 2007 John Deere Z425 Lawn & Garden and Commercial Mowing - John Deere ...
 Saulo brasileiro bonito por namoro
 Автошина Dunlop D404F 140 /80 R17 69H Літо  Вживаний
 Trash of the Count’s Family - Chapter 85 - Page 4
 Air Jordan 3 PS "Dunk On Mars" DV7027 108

...

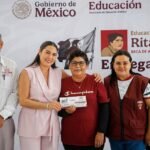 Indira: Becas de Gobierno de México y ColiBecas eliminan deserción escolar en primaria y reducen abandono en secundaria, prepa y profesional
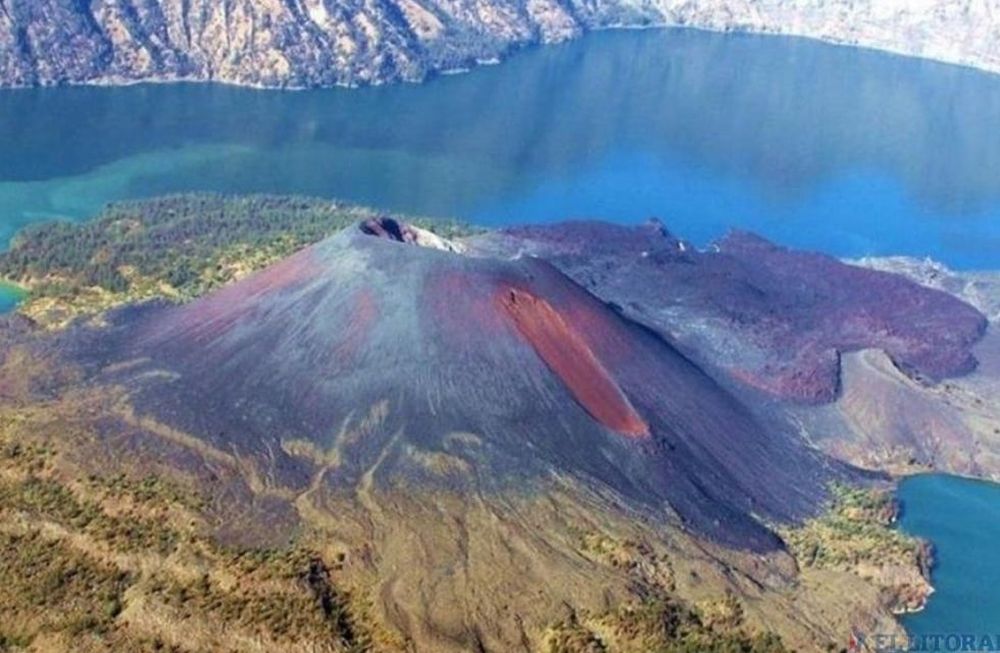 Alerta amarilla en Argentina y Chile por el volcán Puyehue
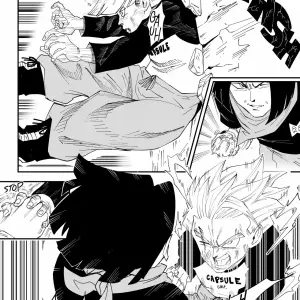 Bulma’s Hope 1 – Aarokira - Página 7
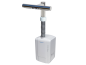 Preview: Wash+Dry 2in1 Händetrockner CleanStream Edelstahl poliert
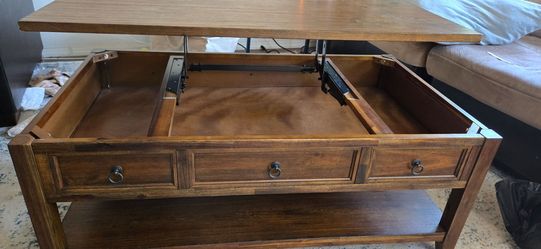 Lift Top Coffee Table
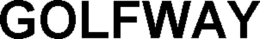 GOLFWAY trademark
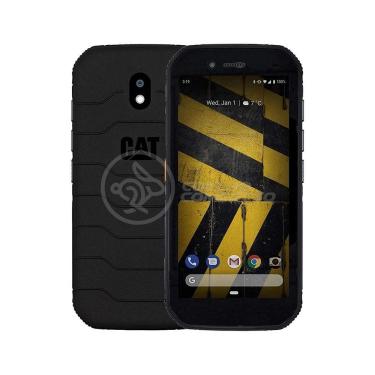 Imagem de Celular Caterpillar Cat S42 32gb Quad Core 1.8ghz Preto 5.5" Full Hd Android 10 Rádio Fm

--

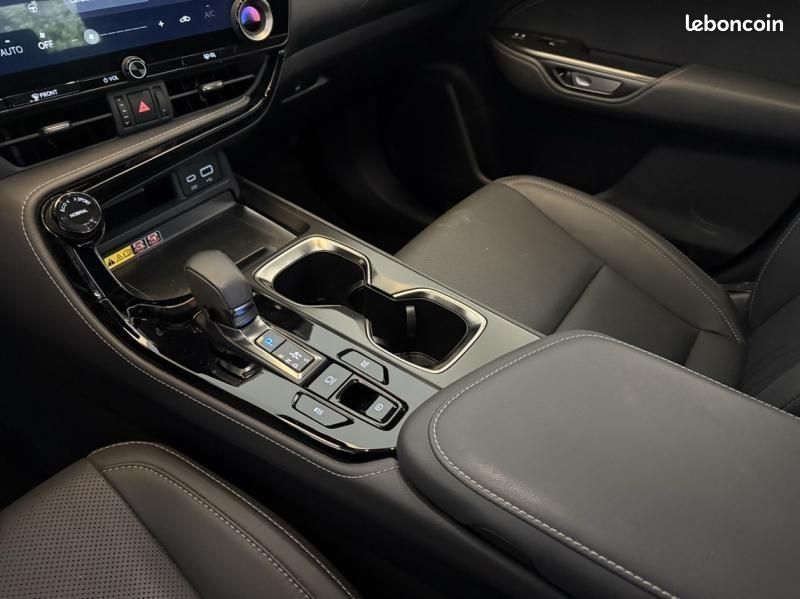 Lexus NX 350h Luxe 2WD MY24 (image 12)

**Your objective**. Return exactly the lines that appear in the data above between the line containing "Alerta amarilla en" and the line containing "Imagem de Celular", both of which are included, and leave the pictures out.

**Task output**.
 Alerta amarilla en Argentina y Chile por el volcán Puyehue
 Bulma’s Hope 1 – Aarokira - Página 7
 Preview: Wash+Dry 2in1 Händetrockner CleanStream Edelstahl poliert
 Lift Top Coffee Table
 GOLFWAY trademark
 Imagem de Celular Caterpillar Cat S42 32gb Quad Core 1.8ghz Preto 5.5" Full Hd Android 10 Rádio Fm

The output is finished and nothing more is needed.